## Material supplied
*-*-*
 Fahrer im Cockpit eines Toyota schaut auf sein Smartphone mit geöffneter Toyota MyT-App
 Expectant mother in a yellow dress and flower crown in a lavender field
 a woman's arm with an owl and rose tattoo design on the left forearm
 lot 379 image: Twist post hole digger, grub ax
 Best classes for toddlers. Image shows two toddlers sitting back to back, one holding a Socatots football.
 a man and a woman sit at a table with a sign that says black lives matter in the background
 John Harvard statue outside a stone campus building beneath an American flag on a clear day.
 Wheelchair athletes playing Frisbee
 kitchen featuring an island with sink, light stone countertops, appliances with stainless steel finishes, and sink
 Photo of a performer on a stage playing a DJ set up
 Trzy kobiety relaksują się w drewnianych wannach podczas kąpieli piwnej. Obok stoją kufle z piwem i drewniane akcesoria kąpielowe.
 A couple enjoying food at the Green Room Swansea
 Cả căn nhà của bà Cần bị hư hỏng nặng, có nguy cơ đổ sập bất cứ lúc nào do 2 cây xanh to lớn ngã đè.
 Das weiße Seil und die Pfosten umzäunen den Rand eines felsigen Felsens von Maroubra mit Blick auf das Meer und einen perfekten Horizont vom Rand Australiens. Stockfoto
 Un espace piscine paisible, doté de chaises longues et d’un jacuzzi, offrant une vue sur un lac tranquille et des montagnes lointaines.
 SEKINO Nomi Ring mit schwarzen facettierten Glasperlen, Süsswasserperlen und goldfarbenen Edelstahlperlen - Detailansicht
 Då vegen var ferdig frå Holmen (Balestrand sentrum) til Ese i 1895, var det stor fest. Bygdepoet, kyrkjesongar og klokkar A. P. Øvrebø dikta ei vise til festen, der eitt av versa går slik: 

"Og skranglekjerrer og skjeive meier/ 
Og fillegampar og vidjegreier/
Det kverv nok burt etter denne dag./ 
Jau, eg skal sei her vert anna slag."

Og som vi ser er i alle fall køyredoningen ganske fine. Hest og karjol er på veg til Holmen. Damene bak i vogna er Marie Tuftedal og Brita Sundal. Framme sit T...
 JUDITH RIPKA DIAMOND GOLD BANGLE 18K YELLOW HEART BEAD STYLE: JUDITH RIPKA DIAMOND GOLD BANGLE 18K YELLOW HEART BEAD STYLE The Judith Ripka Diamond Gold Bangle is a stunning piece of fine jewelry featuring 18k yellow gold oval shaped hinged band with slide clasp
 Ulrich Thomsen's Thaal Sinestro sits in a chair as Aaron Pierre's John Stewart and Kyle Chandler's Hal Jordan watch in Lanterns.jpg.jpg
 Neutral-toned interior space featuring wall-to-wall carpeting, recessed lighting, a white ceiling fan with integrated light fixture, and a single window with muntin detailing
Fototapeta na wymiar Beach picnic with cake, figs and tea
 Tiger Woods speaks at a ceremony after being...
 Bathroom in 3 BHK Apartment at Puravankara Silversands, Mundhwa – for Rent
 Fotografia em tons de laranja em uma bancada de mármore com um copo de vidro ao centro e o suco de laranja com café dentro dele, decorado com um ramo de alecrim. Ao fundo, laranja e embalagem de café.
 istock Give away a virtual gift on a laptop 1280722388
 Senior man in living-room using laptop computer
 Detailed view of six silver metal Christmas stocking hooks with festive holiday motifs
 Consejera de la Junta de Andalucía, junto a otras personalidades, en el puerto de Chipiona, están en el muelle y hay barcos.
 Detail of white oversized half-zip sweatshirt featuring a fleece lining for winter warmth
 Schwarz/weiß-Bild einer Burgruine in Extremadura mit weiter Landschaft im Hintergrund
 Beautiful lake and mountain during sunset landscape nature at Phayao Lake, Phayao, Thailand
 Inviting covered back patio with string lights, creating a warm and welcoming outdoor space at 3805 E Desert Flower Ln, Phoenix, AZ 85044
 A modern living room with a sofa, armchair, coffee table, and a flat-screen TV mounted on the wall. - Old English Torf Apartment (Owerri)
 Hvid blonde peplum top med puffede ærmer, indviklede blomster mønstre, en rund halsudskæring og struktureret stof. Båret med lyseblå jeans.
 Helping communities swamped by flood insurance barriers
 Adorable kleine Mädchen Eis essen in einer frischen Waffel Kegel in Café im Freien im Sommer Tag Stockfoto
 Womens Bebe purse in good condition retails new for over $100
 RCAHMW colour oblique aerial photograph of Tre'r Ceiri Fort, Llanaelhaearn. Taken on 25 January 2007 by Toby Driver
*-*-*
From the records above, copy every line that includes the word "stone".

## Answer to this exercise
 John Harvard statue outside a stone campus building beneath an American flag on a clear day.
 kitchen featuring an island with sink, light stone countertops, appliances with stainless steel finishes, and sink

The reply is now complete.